* [EXTRACTED ENTRIES]:
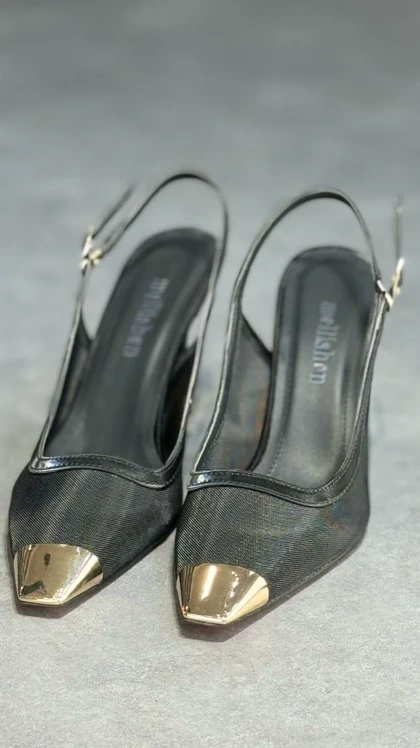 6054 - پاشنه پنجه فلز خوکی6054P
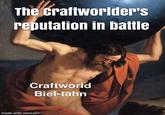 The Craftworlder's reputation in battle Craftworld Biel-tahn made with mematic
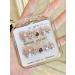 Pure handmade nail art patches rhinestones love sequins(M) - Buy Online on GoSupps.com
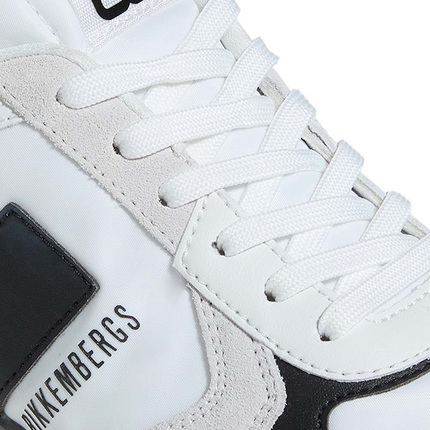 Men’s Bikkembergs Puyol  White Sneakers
* * *
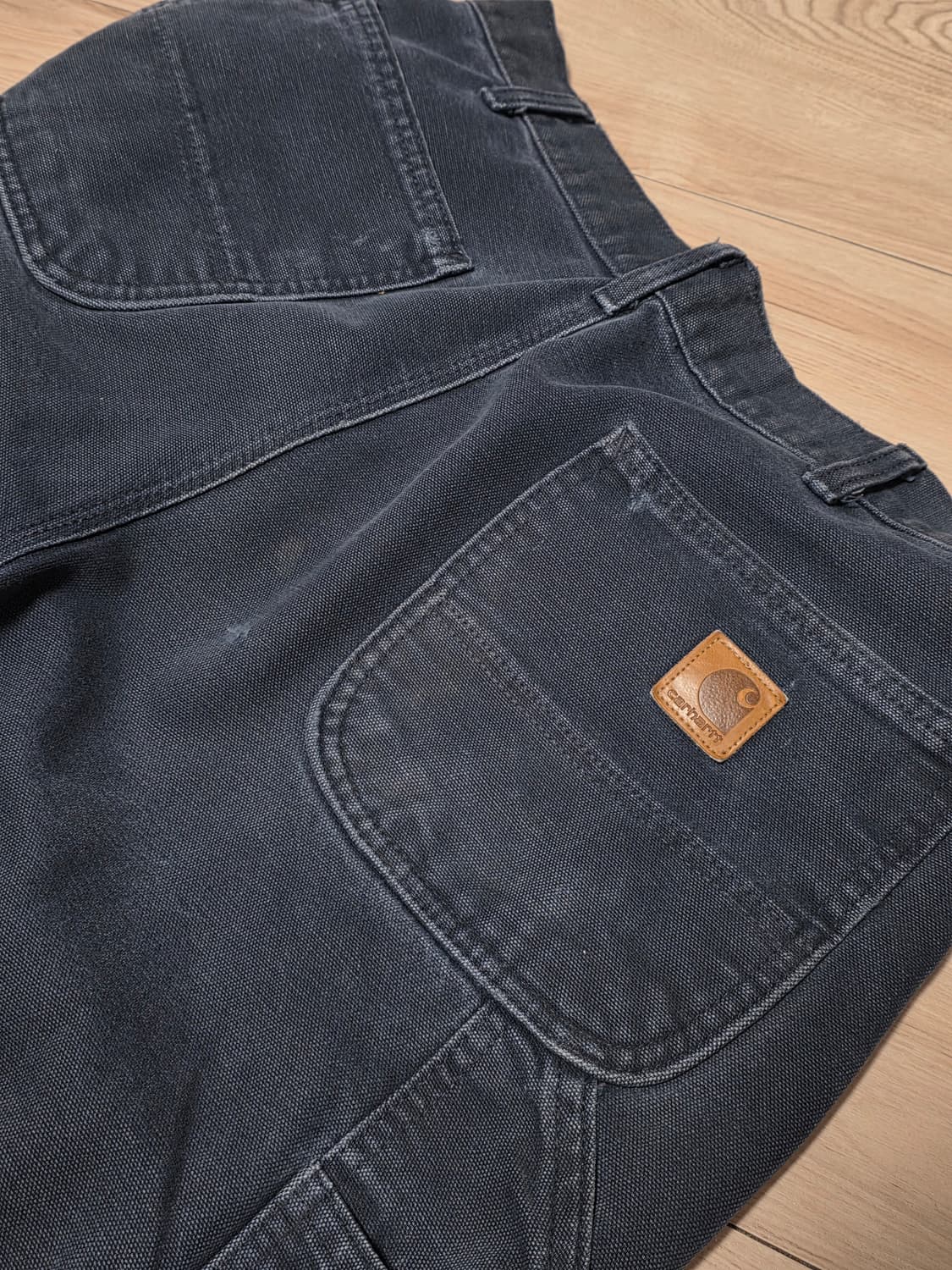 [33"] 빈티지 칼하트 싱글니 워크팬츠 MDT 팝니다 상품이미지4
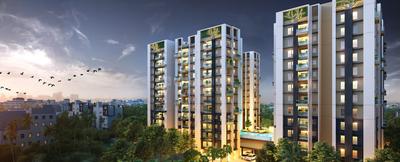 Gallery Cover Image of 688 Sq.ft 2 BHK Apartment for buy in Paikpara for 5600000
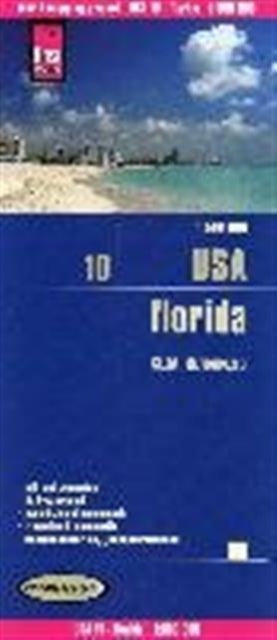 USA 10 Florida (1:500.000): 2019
---
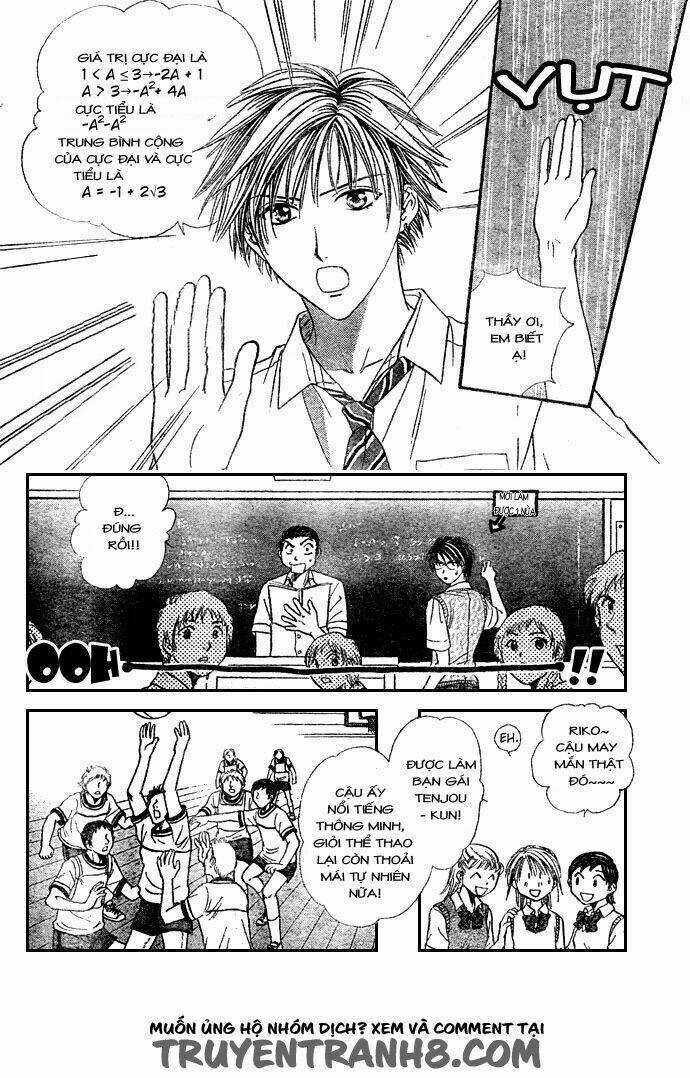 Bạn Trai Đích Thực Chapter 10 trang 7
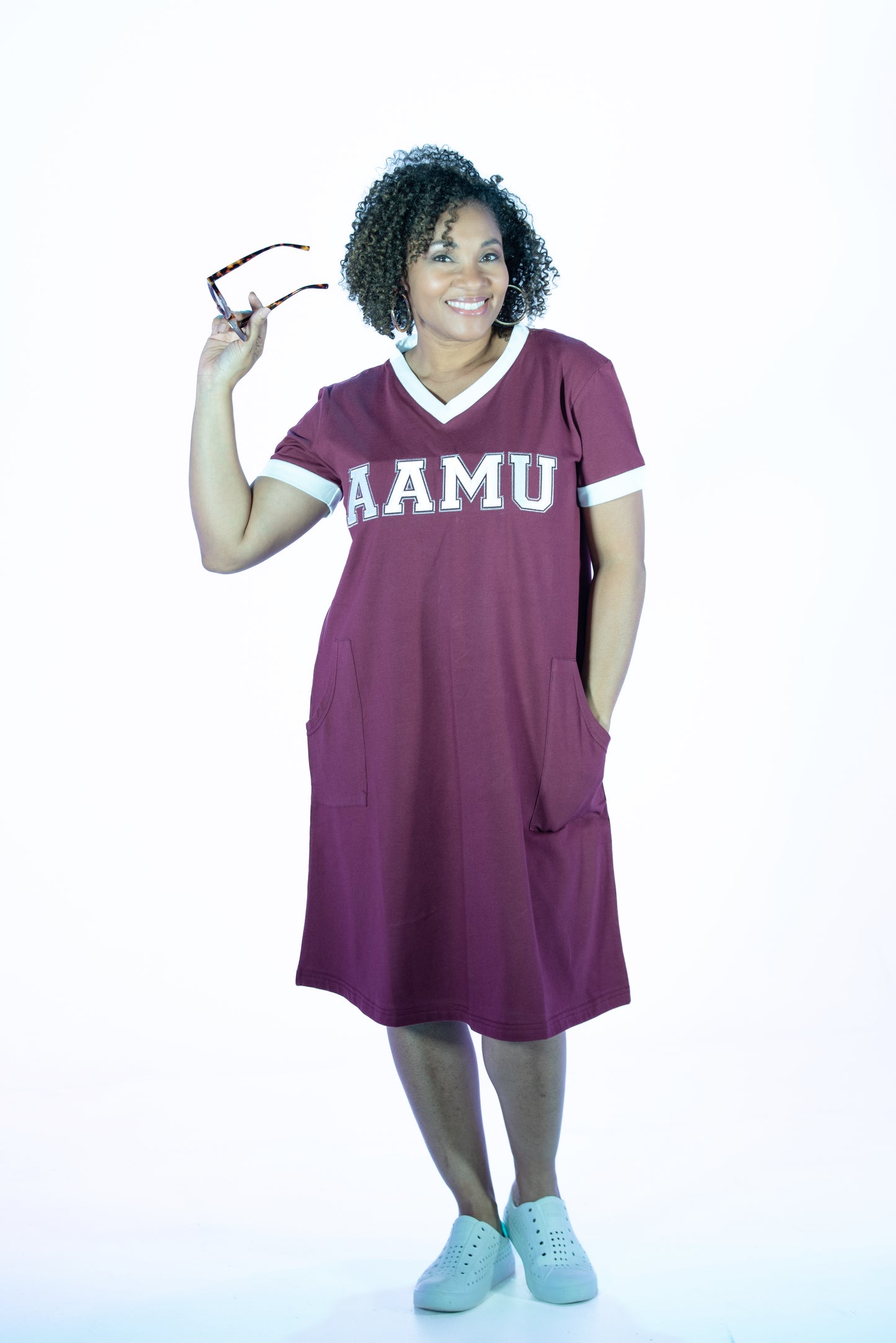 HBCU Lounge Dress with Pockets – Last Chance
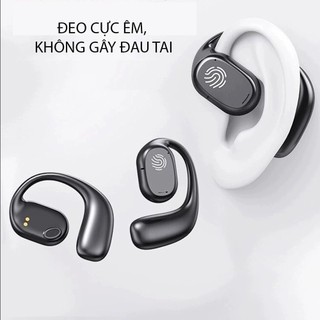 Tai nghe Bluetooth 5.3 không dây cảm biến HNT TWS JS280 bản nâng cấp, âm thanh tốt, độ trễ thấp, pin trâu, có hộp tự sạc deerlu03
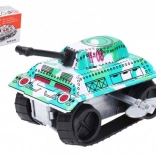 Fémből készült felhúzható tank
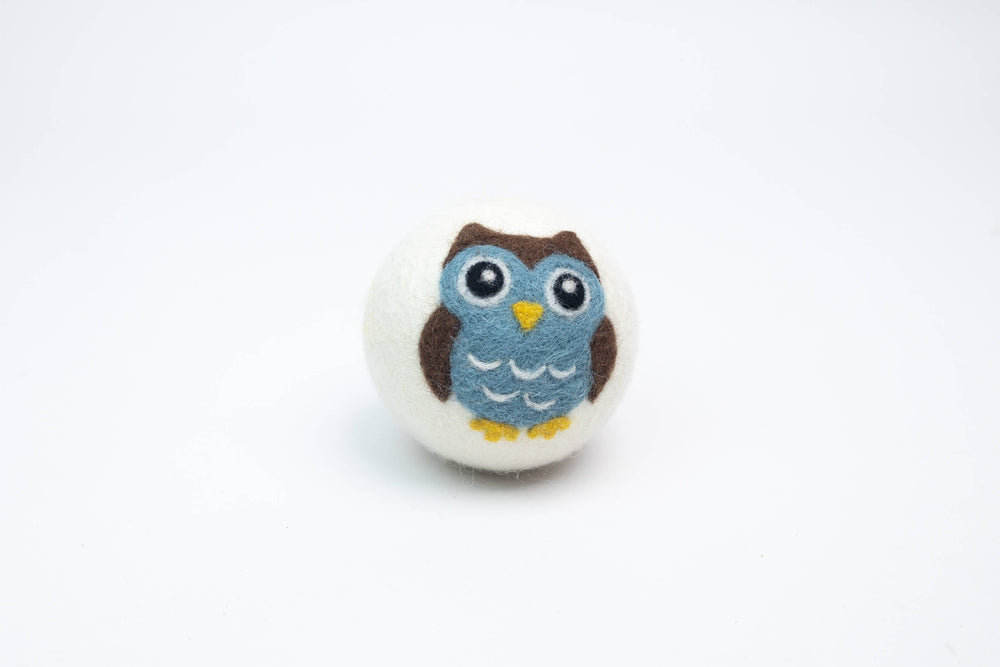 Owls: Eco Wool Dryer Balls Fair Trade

* [DIRECTIONS FOR THIS TASK]: Transcribe the lines above exactly, beginning at the one with "HBCU Lounge Dress with Pockets – Last Chance" and ending at the one with "Owls: Eco Wool Dryer Balls Fair Trade". Include both; exclude the pictures.

* [PROBLEM SOLUTION]:
 HBCU Lounge Dress with Pockets – Last Chance
 Tai nghe Bluetooth 5.3 không dây cảm biến HNT TWS JS280 bản nâng cấp, âm thanh tốt, độ trễ thấp, pin trâu, có hộp tự sạc deerlu03
 Fémből készült felhúzható tank
 Owls: Eco Wool Dryer Balls Fair Trade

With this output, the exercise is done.